Tuesday, January 30, 2007

Hot Water beach. Dig your own spa




Finished off our NZ trip at the Coromadel, a fantastic stretch of coastline surrounded by a Forest park and mountains just east of Auckland, and a playground for Auckland's rich and famous (plus us in our camper van). Stayed for 3 days and 2 nights at a place called Tairua

Did 2 trips, the wonderful Hot Water Beach, where you dig down into the sand as the tide is going out and hot water gushes upwards, filling your new spa with very hot water. This is a real feel it to believe it thing.

LAstly, we played golf at Tairua golf club for the extoriionate price of 20 dollars, or less than 100 SEK: really tricky course with surprises on every turn, and surprisingly well-kept for a golf course with no one on it and a rediculous price tag.

Actually writing this blog after we have landed back in Sweden. Oh, how i long for...

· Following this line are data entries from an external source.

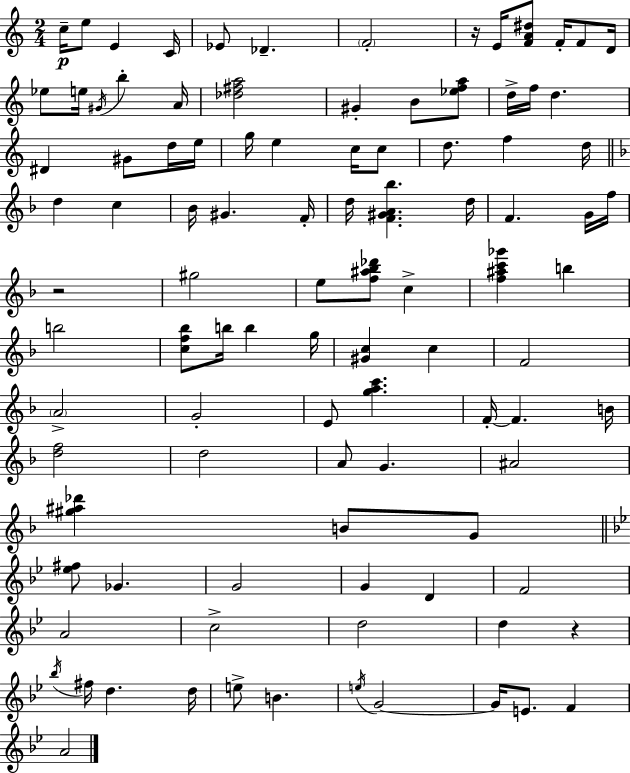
C5/s E5/e E4/q C4/s Eb4/e Db4/q. F4/h R/s E4/s [F4,A4,D#5]/e F4/s F4/e D4/s Eb5/e E5/s G#4/s B5/q A4/s [Db5,F#5,A5]/h G#4/q B4/e [Eb5,F5,A5]/e D5/s F5/s D5/q. D#4/q G#4/e D5/s E5/s G5/s E5/q C5/s C5/e D5/e. F5/q D5/s D5/q C5/q Bb4/s G#4/q. F4/s D5/s [F4,G#4,A4,Bb5]/q. D5/s F4/q. G4/s F5/s R/h G#5/h E5/e [F5,A#5,Bb5,Db6]/e C5/q [F5,A#5,C6,Gb6]/q B5/q B5/h [C5,F5,Bb5]/e B5/s B5/q G5/s [G#4,C5]/q C5/q F4/h A4/h G4/h E4/e [G5,A5,C6]/q. F4/s F4/q. B4/s [D5,F5]/h D5/h A4/e G4/q. A#4/h [G#5,A#5,Db6]/q B4/e G4/e [Eb5,F#5]/e Gb4/q. G4/h G4/q D4/q F4/h A4/h C5/h D5/h D5/q R/q Bb5/s F#5/s D5/q. D5/s E5/e B4/q. E5/s G4/h G4/s E4/e. F4/q A4/h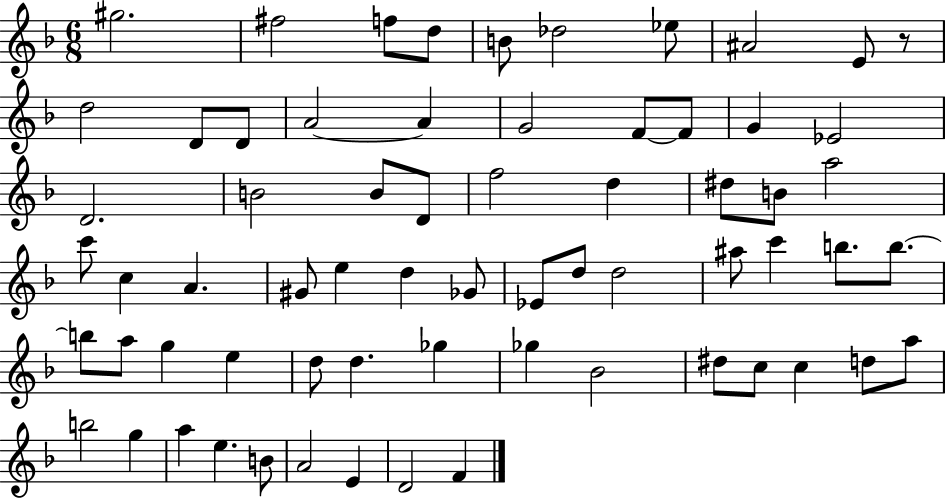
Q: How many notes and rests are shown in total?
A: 66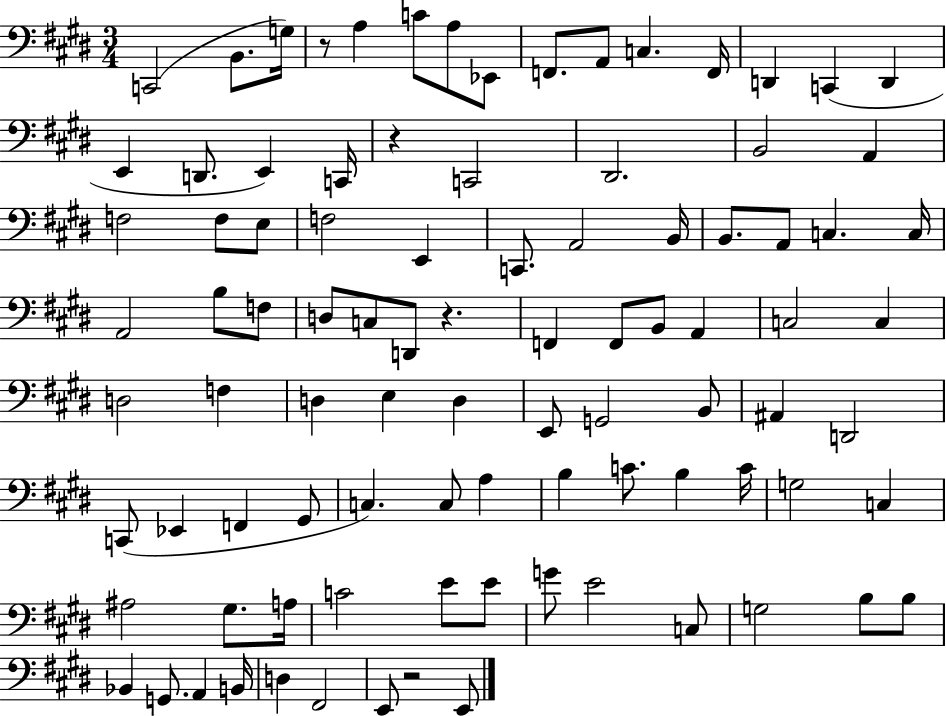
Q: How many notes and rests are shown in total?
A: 93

Wednesday, January 24, 2007

Another day at the NZ office



Just coasting up the Pacific Highway to Mount Maunganui where we spent the evening. This is the place most Auckland Kiwis seem to spend their holiday.

We stopped off at a picnic place for me to catch up on some work while Pia fixed some food. The downside of freelancing is the inability to say No to work, and chase internet places all over New Zealand once you have something to deliver (all at different prices and levels of service, but almost always available somewhere). The upside is the office looks different every day.

Mount Manganui
Up early for a brisk walk up the mountain. Took a picture of the camper van down in the site. Pia’s offering a bottle of New Zealand wine to the first person to pot it.

Monday, January 22, 2007

Mountains of Mordor 1 – PaulandPia 1


Tongariro Crossing 23 January

The Tongariro Crossing is billed as New Zealand’s best one day walk. It’s a 17Km hike across volcano tops made famous as the Mountains of Mordor in Lord of the Rings. The track is fascinating as it tramps over, or passes near to 3 active volcanoes,
The first time we tried to “do” the crossing we were warned off because of bad weather. This time we were told that, OK, the forecast may not be good, but it’s bound to clear and you’ll see breathtaking views of the volcanoes. Yeah, right.
It started to rain as we got on the bus to take us to the walk, and it’s still raining as we write the blog. Hotels in Singapore have a certain allure.

THERE SHE BLOWS:
Mount Ruapehu, the highest and most active volcano in the area, last erupted in 1995. According to seismologists, it’s about time she blew again. Look out below!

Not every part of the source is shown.